Jedidiah McClimans, an 8th grade student with the Springs Homeschool program who lives in Riverside, has received a Caroline D. Bradley Scholarship. He was one of 27 gifted students who were awarded this fully funded, four-year high school scholarship from The Institute for Educational Advancement.
Mia Brijandez is 10th grader in the Journey Homeschool High School program who is a “phenomenal” student, reported her ES Summer Knapp. She has a 4.39 GPA and has dual enrollment classes despite being a sophomore. She is also a gifted artist and hopes “to become a well-known artist one day and make people feel deep emotions through my creations.”
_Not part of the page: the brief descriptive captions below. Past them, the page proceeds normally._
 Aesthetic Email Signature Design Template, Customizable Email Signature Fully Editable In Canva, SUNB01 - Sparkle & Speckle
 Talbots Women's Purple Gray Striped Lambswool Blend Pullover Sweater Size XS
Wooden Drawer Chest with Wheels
Joshua Harrington is a budding jiu-jitsu star who is also a 5th grade student in Springs’ Venture Online program. He began with jiu-jitsu at age 5 and has come to like it because “I learn how to fight, defend myself, get stronger, faster, and be brave enough to do tournaments with my dad.” He currently trains daily with his father.
Springs Charter Schools’ iShine Student Center held a middle school Snow Ball with 80 students in attendance. Students enjoyed a DJ and Nacho Bar, Sarah Sims, program facilitator, said. She continued, “This was a magical evening filled with joy and laughter under the stars and twinkle lights … It was such a happy night.”
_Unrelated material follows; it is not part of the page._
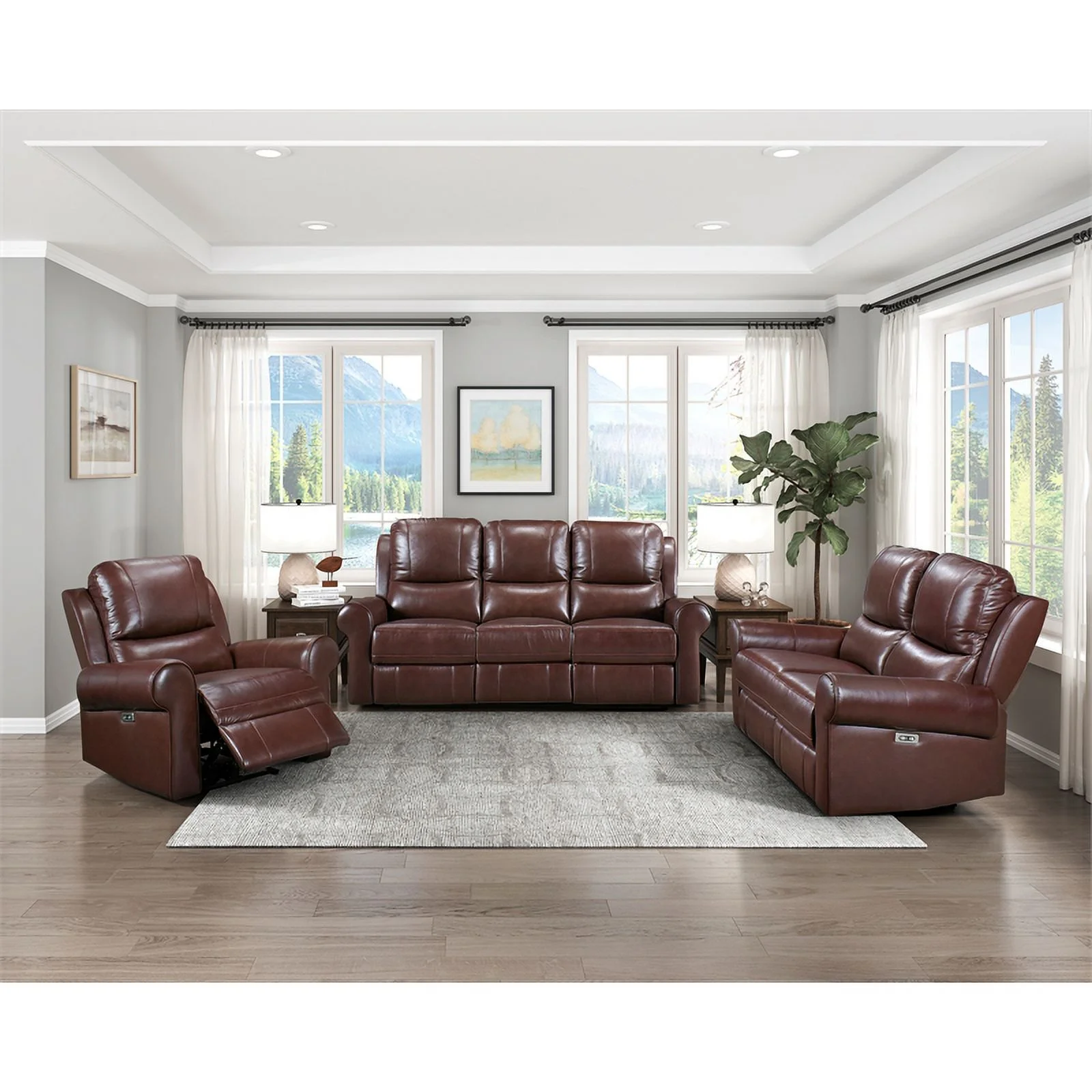 Lexicon McCall Leather Match Power Double Reclining Love Seat in Brown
Springs held an All School Speech Meet at the Temecula Event Center. Thirty-nine students participated and 34 speeches were delivered. Its purpose is to help students develop communication skills and techniques to speak audibly, articulately, expressively, and with poise and confidence in audience situations, explained Nikkole McAdoo, Events and Community Engagement Coordinator.
HCT Lauren Sommer is teaching Lego Express, a new class at Springs’ Santa Ana Learning Center using the first Lego League curriculum. In this exploratory class, students in grades 4-8 learn coding and engineering while building essential teamwork skills including critical thinking and problem-solving. Students work with their team members to solve problems cooperatively while demonstrating gracious professionalism.
Charter schools are independent public schools with rigorous curriculum programs and unique educational approaches. In exchange for operational freedom and flexibility, charter schools are subject to higher levels of accountability than traditional public schools. Charter schools, which are tuition-free and open to all students, offer quality and choice in the public education system.
The charter establishing each such school is a contract detailing the school’s mission, program, goals, students served, methods of assessment, and ways to measure success. In California, charters are granted for five years. At the end of the term, the entity granting the charter may renew the school’s contract. Charter schools are accountable to their authorizer, and to the students and families they serve, to produce positive academic results and adhere to the charter contract.
Like traditional public schools, charters receive state funding based on a formula for each child enrolled in the school. Many charters also do additional fundraising to obtain grants and donations to pay for programs that are not fully funded by state or school district formulas. When lawmakers passed the Charter Schools Act of 1992, California became the second state in the country (after Minnesota) to enact charter school legislation. The intent was to allow groups of educators, community members, parents, or others to create an alternative type of public school.